A visually plausible retargeted motion can still be dynamically impossible, unsafe, or task-irrelevant for the robot body.

Practical Example

A human can lean and twist to place a box on a shelf while compensating with subtle ankle control. A humanoid with different hip or ankle limits may need a step adjustment rather than a direct pose imitation.

Memory Hook

The robot is not a puppet. It is an organism with different bones, muscles, and excuses.

Research Frontier

Recent work pushes from motion tracking toward video-driven, object-aware whole-body learning and motion priors that fill gaps between sparse demonstrations. The open problem is preserving intent under large embodiment mismatch.

Paper Spotlight

"HumanPlus: Humanoid Shadowing and Imitation from Humans" (Fu et al., RSS 2024) demonstrates whole-body humanoid imitation from egocentric video. More than 40 skills are trained from approximately 40 hours of human demonstration data. The key contribution is a shadowing pipeline that maps egocentric human motion into real-time humanoid control without motion-capture suits, making large-scale human demonstration collection practical for dexterous manipulation and loco-manipulation tasks.

Self Check

Which feature would you preserve first for a carry task: hand trajectory, foot contacts, torso orientation, or joint angles, and why?

This section is useful for teaching the distinction between imitation and embodiment.
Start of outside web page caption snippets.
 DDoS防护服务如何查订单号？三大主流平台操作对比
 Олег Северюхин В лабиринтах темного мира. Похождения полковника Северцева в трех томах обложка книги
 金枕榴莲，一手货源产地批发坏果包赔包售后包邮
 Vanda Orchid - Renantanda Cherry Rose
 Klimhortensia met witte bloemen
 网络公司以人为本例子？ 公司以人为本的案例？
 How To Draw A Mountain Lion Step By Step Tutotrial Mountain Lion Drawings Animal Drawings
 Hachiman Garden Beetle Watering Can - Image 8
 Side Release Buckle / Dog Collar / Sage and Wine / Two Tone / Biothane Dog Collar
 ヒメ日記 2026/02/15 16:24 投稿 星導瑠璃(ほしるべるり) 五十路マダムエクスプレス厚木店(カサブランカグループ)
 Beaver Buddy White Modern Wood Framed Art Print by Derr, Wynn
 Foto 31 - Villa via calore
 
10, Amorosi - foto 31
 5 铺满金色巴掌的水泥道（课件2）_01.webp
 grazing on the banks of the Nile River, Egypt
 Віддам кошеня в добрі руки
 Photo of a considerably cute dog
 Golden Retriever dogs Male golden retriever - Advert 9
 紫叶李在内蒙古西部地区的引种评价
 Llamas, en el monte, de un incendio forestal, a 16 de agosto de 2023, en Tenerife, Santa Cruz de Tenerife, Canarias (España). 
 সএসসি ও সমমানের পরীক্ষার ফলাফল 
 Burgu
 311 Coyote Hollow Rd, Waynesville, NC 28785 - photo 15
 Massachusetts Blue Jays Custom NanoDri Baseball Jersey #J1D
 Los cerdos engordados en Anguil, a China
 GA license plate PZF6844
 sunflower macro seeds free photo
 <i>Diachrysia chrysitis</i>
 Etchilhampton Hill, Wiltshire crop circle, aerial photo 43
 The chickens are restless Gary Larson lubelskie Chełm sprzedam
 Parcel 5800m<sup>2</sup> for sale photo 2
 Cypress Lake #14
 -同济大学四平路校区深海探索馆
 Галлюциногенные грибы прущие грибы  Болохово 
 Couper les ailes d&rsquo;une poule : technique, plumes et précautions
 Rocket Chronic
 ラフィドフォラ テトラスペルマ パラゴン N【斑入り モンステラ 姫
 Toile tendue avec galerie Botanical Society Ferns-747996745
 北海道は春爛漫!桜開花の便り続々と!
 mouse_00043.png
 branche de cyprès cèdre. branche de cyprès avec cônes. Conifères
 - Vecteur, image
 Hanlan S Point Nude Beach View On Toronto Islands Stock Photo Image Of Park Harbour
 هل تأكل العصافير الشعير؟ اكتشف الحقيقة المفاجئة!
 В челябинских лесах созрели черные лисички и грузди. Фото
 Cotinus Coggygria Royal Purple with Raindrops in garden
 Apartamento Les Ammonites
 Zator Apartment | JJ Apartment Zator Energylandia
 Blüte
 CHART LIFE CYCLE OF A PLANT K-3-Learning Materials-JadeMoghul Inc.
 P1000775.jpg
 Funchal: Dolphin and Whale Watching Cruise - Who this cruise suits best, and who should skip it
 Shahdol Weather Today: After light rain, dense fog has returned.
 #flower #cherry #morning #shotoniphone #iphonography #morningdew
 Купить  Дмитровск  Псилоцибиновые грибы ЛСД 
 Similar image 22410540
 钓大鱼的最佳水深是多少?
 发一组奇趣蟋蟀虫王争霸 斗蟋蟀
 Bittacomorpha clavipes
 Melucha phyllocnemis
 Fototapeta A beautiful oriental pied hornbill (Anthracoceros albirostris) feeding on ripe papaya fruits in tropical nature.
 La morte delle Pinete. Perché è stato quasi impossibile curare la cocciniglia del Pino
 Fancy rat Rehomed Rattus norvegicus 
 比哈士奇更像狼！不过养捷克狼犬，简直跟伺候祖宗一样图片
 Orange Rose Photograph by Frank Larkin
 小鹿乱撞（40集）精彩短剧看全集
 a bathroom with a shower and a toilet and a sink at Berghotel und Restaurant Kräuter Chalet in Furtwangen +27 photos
Students often begin by assuming the goal is faithful visual copying. The real goal is executable task transfer.

It is also a natural place to introduce data contracts. Demonstration data becomes much more valuable when it records task context and contact semantics rather than only pose streams.

Retargeting Tool Map

Tool or Library	Role in the Topic	Builder Advice
LeRobot-style data tooling	Store demonstrations with synchronized metadata	Keep contact and object state beside pose data.
Whole-body simulators	Check executability before hardware rollout	Reject motions that only look right in kinematics space.
Retargeting pipelines	Map human features into robot features	Tune feature weighting by task, not by generic motion similarity.

Cross-References

This section connects to robot datasets, teleoperation, and cross-embodiment learning.

Mini Lab

Retarget one short human demonstration into a humanoid simulation, then compare raw pose error against task-feature error and balance feasibility.

When retargeting fails, ask whether the missing piece is feature choice, contact semantics, embodiment mismatch, or controller feasibility. Different failures imply different dataset improvements.

Section References

HumanPlus project page. https://humanplus.github.io/

Primary current source for human-motion-driven humanoid control.

HOVER project page. https://www.hover-policy.org/

Current reference for versatile neural whole-body control.

LeRobot documentation. https://huggingface.co/docs/lerobot/en/index

Practical stack for storing and training from robot demonstrations.

Key Takeaway

The purpose of human data is not mimicry. It is executable task transfer under a different body.

Exercise 46.4.1

Define a retargeting evaluation for a shelf-placement task. Include one geometric metric, one contact metric, one balance metric, and one task-completion metric.